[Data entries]
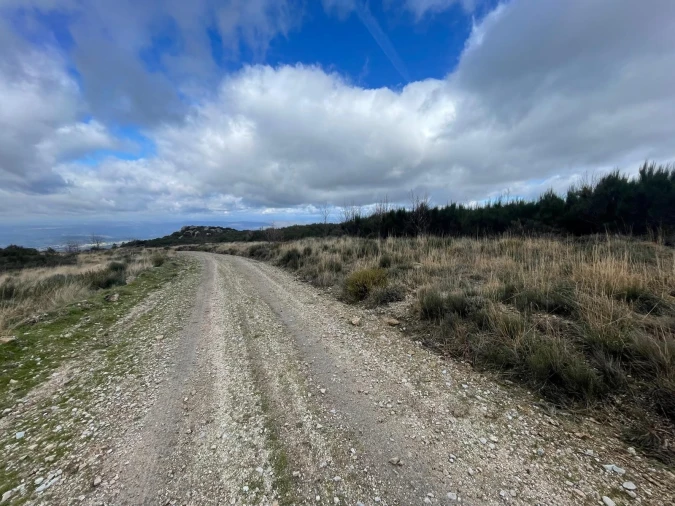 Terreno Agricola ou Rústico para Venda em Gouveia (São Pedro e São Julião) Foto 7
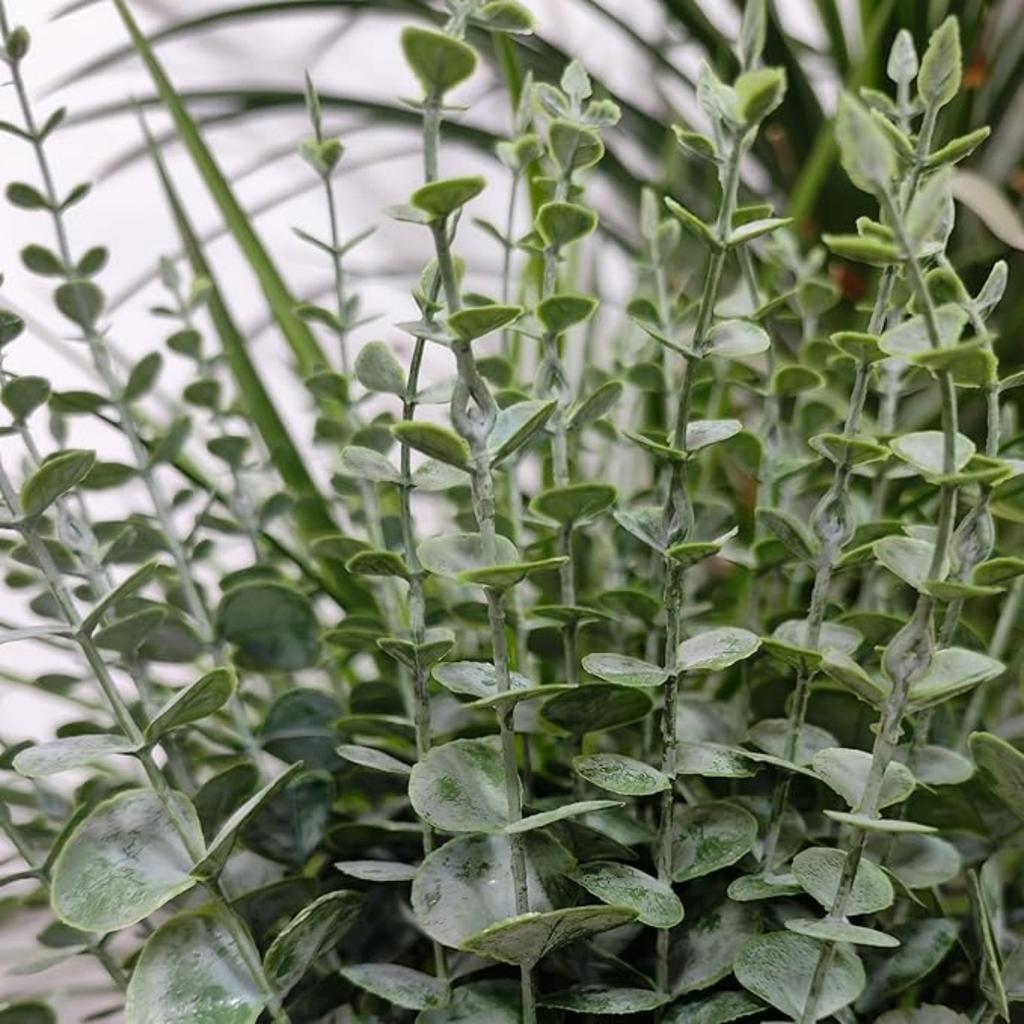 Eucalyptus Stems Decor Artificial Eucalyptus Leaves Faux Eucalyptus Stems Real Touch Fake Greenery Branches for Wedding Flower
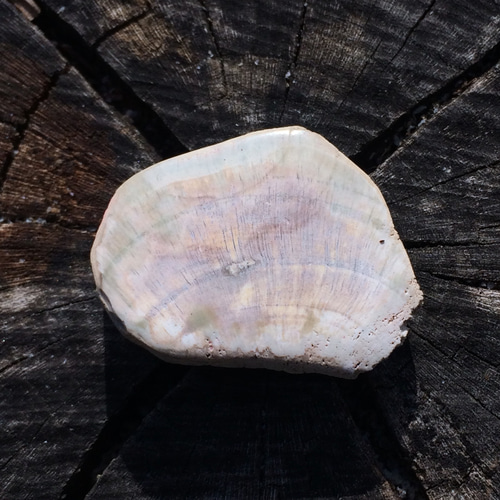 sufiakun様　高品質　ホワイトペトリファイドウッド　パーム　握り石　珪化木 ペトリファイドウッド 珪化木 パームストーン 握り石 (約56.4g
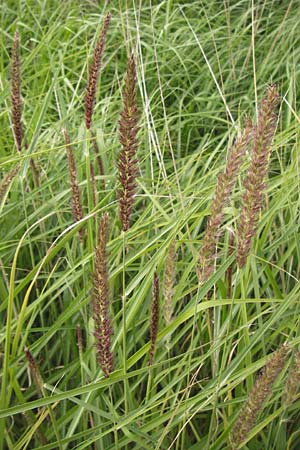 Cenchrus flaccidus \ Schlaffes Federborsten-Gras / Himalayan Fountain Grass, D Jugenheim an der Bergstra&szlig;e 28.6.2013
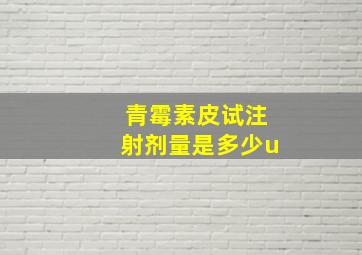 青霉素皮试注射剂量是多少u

WHAT TO DO
Each line above should be set down exactly as written, with pictures excluded.

RESPONSE BELOW
 Terreno Agricola ou Rústico para Venda em Gouveia (São Pedro e São Julião) Foto 7
 Eucalyptus Stems Decor Artificial Eucalyptus Leaves Faux Eucalyptus Stems Real Touch Fake Greenery Branches for Wedding Flower
 sufiakun様　高品質　ホワイトペトリファイドウッド　パーム　握り石　珪化木 ペトリファイドウッド 珪化木 パームストーン 握り石 (約56.4g
 Cenchrus flaccidus \ Schlaffes Federborsten-Gras / Himalayan Fountain Grass, D Jugenheim an der Bergstra&szlig;e 28.6.2013
 青霉素皮试注射剂量是多少u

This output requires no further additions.